Issuer Free Writing Prospectus
Filed Pursuant To Rule 433
Registration Statement No. 333-119067
June 3, 2008
WEINGARTEN REALTY INVESTORS
DEPOSITARY SHARES
EACH REPRESENTING 1/100 OF A SHARE OF
6.50% SERIES F CUMULATIVE REDEEMABLE PREFERRED SHARES
Final Term Sheet
Issuer: Weingarten Realty Investors
Security: Depositary Shares (the Depositary Shares) each representing 1/100 of a share of 6.50% Series F Cumulative Redeemable Preferred Shares (Series F Preferred Shares). The Depositary Shares offered hereby (the Designated Shares) constitute a further issuance of, and will be consolidated with, the 8,000,000 Depositary Shares that were originally issued on January 30, 2007. The Designated Shares will have the same CUSIP number as the previously issued Depositary Shares and will trade interchangeably with the previously issued Depositary Shares immediately upon settlement. Upon completion of this offering, the aggregate number of Depositary Shares outstanding will be 14,000,000. Similarly, the Series F Preferred Shares that will be issued in connection with the issuance of the Designated Shares will constitute a further issuance of, and will be consolidated with, the 80,000 Series F Preferred Shares that were originally issued on January 30, 2007. Upon completion of this offering, the aggregate number of Series F Preferred Shares outstanding will be 140,000.

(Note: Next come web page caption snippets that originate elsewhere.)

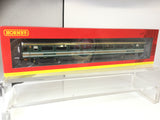 Hornby R40232 OO Gauge FGW c. 2002. Mk3 Trailer First Coach, 41131 - Era 10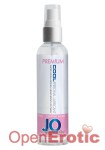 For Women Premium Lubricant Cool - 120 ml (System Jo)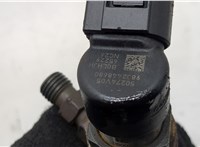  Форсунка топливная Ford Focus 3 2011-2015 20506232 #3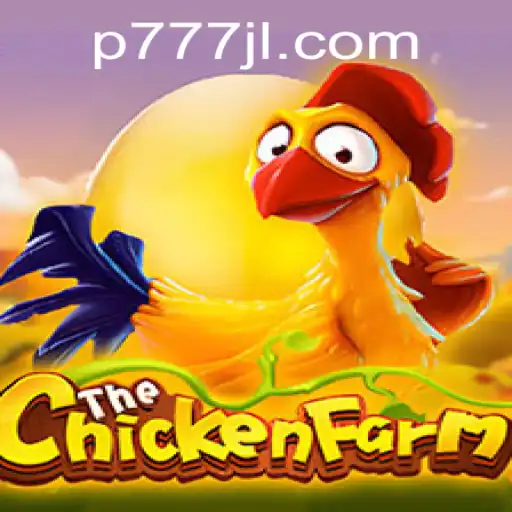 Unveiling the Fascinating World of ChickenFarm: From Gameplay to Global Phenomenon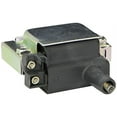 thumbnail image 1 of Ignition Coil, 1 of 4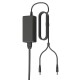 Secret Jardin Cosmorrow LED Power Supply 2x20W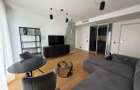 Apartament modern 2 camere I One Herastrau Towers I Complet mobilat - 9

Size: 6,000,000 Designated Shares.
Type of Security: SEC RegisteredRegistration Statement No. 333-119067.
Initial Public Offering Price of Designated Shares: $20.10 per Designated Share, inclusive of accumulated dividends, if any, from March 17, 2008; $120,600,000 total.

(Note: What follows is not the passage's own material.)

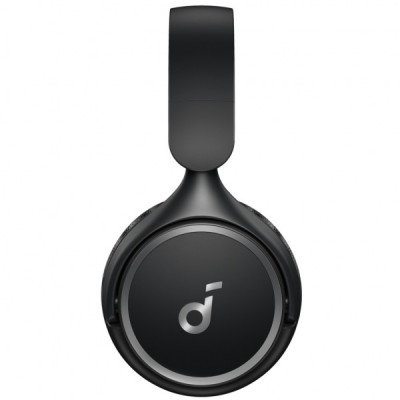 Навушники Anker SoundCore H30i Black (A3012G11)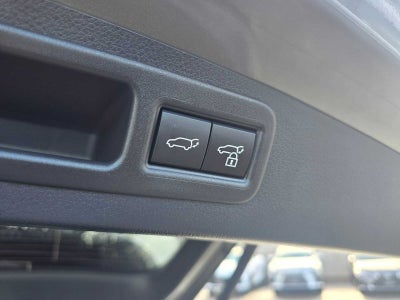 2026 Lexus RX 350h F SPORT DESIGN AWD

Underwriting Discounts and Commissions: $0.50 per Designated Share; $3,000,000 total.
Proceeds to the Company, before expenses: $117,600,000 total.

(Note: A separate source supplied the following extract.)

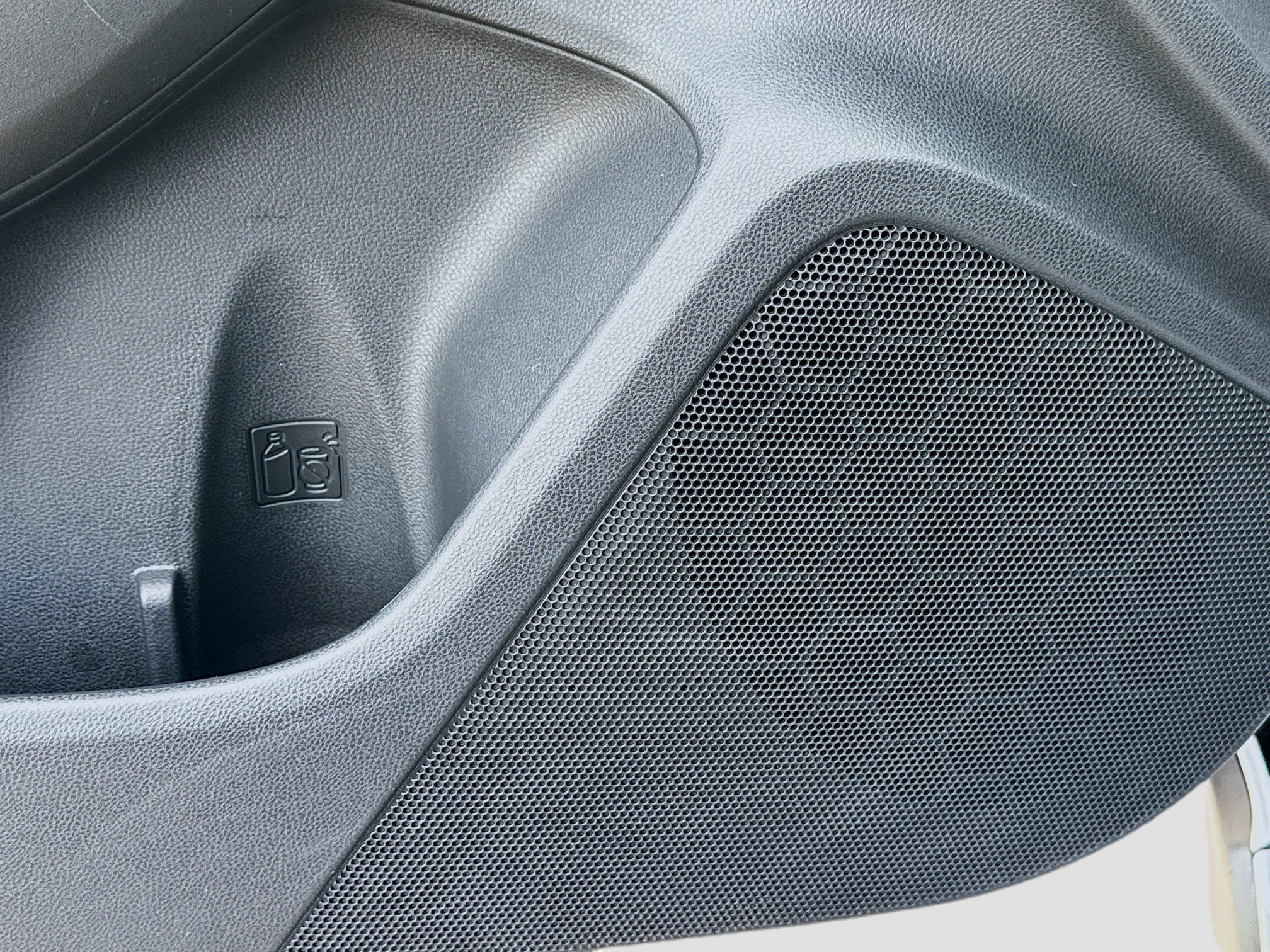 Certified 2025 Subaru Crosstrek 2.5i Sport w/ Popular Package #3A image 22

Reimbursement of Company Expenses: The Underwriter has agreed to reimburse the Company for a portion of the offering expenses.
Use of Proceeds: The Company intends to use the net proceeds from this offering to reduce amounts outstanding under its credit facilities, which are among the primary methods of financing for its on-going acquisition and new development programs. As of May 30, 2008, the Company had borrowed approximately $285.0 million under its credit facilities, and such amount bore interest at a weighted average rate of approximately 2.7% per annum. An affiliate of Wachovia is a lender under one of the Companys credit facilities and will receive a pro rata portion of the net proceeds used to reduce amounts outstanding under such facility.
Sole Bookrunner: Wachovia Capital Markets, LLC.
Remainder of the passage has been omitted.